Timeliness of the Tribal Recognition Process Has Improved, but It Will Take Years to Clear the Existing Backlog of Petitions
GAO-05-347T, Feb 10, 2005
The Bureau of Indian Affairs' (BIA) regulatory process for recognizing tribes was established in 1978. The process requires groups that are petitioning for recognition to submit evidence that they meet certain criteria--basically that the petitioner has continuously existed as an Indian tribe since historic times. Critics of the process claim that it produces inconsistent decisions and takes too long. Congressional policymakers have struggled with the tribal recognition issue for over 27 years. H.R. 4933 and H.R. 5134, introduced in the 108th Congress, and H.R. 512, which was introduced last week, have focused on the timeliness of the recognition process. This testimony is based in part on GAO's report, Indian Issues: Improvements Needed in Tribal Recognition Process (GAO-02-49, November 2, 2001). Specifically, this testimony addresses (1) the timeliness of the recognition process as GAO reported in November 2001 and (2) the actions the Department of the Interior's Office of Federal Acknowledgment has taken since 2001 to improve the timeliness of the recognition process.

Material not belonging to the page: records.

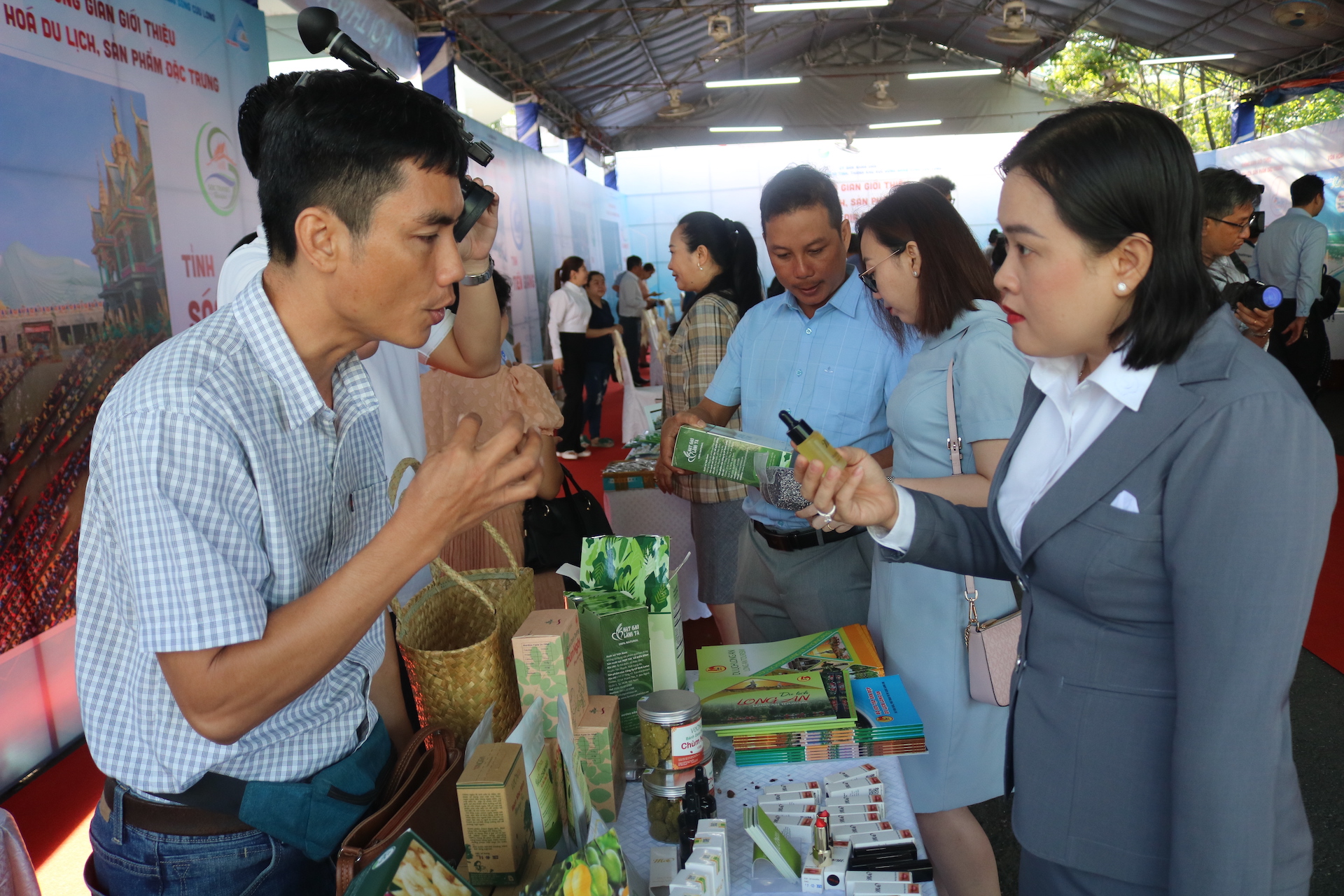 TP HCM đưa hơn 1,8 triệu lượt du kh&aacute;ch về ĐBSCL - Ảnh 4.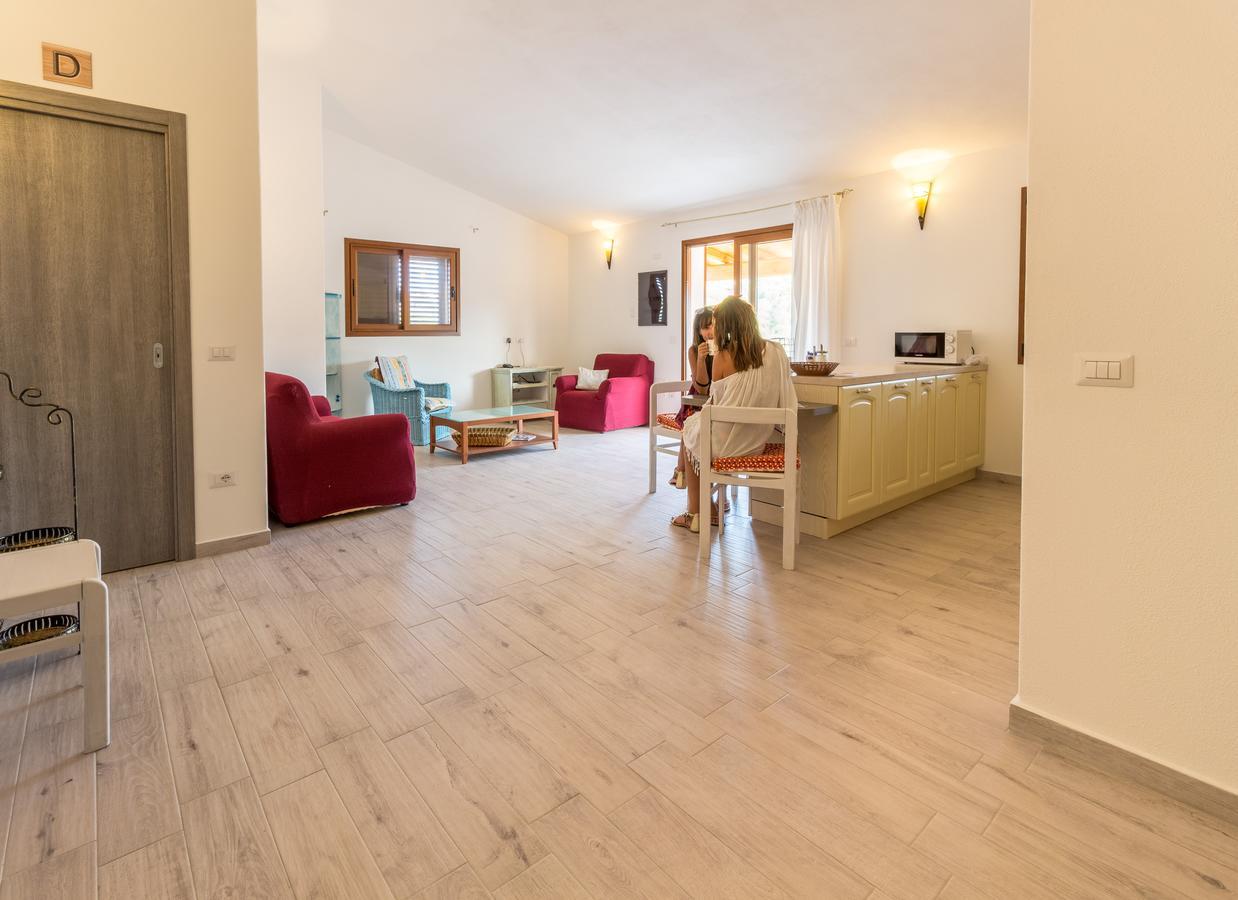 Molti Mari B&B Resort 올비아 외부 사진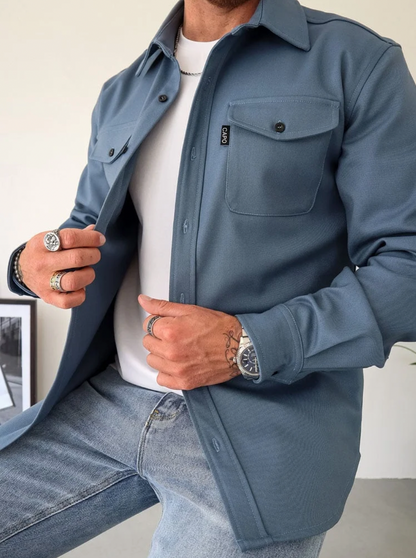 Veste homme élégante à boutons dorés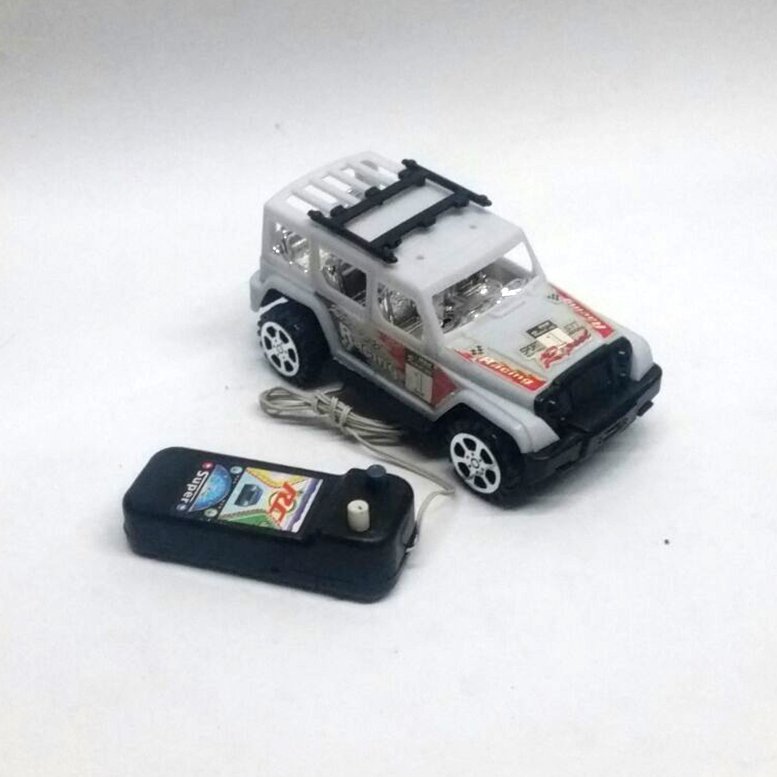 Kumandalı Oyuncak Araba Kaliteli ve Dayanıklı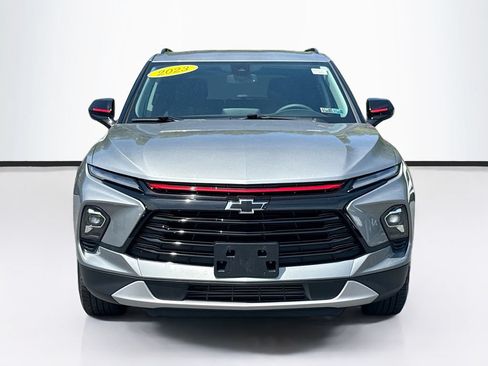 Used 2023 Chevrolet Blazer LT w/ Convenience Package AWD/4WD image 2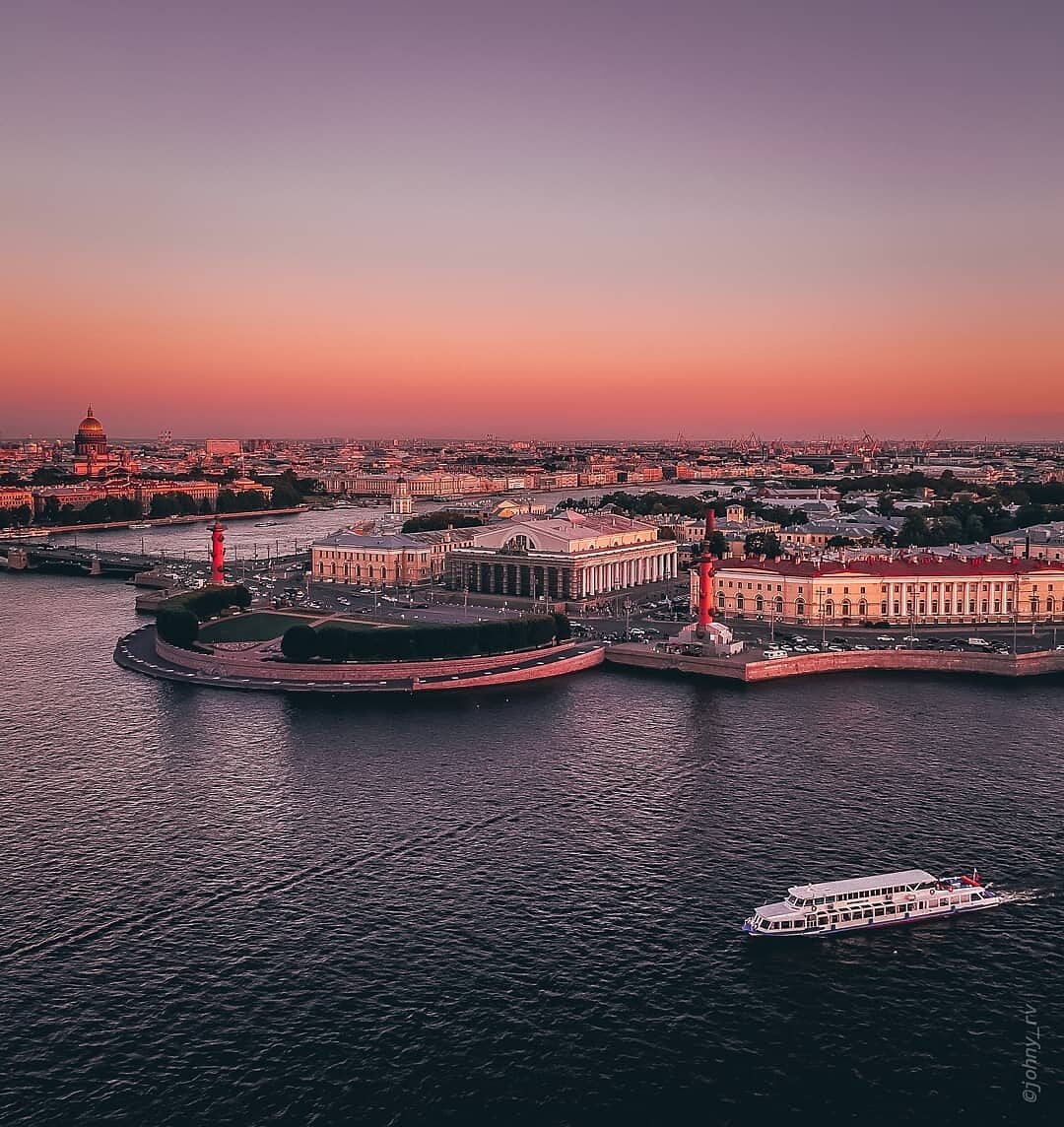 Стрелка Васильевского острова в Санкт-Петербурге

In November 2001, GAO reported that BIA's tribal recognition process was ill equipped to provide timely responses to tribal petitions for federal recognition. BIA's regulations outline a process for evaluating a petition that was designed to take about 2 years. However, the process was being hampered by limited resources, a lack of time frames, and ineffective procedures for providing information to interested third parties, such as local municipalities and other Indian tribes. As a result, there were a growing number of completed petitions waiting to be considered. In 2001, BIA officials estimated that it could take up to 15 years for all the completed petitions to be resolved. To correct these problems, we recommended that BIA develop a strategy that identified how to improve the responsiveness of the process for federal recognition. Such a strategy was to include a systematic assessment of the resources available and needed that could lead to the development of a budget commensurate with the workload. While Interior's Office of Federal Acknowledgment has taken a number of important steps to improve the responsiveness of the tribal recognition process, it still could take 4 or more years, at current staff levels, to work through the existing backlog of petitions currently under review, as well as those that are ready and waiting for consideration. In response to GAO's 2001 report, two vacancies within the Office of Federal Acknowledgment were filled, resulting in a professional staff of three research teams, each consisting of a cultural anthropologist, historian, and genealogist. In addition, the September 2002 Strategic Plan, issued by the Assistant Secretary for Indian Affairs in response to GAO's report, has been almost completely implemented by the Office of Federal Acknowledgment. The main impediment to completely implementing the Strategic Plan and to making all of the information that has been compiled more accessible to the public is the fact that BIA continues to be disconnected from the Internet because of ongoing computer security concerns involving Indian trust funds.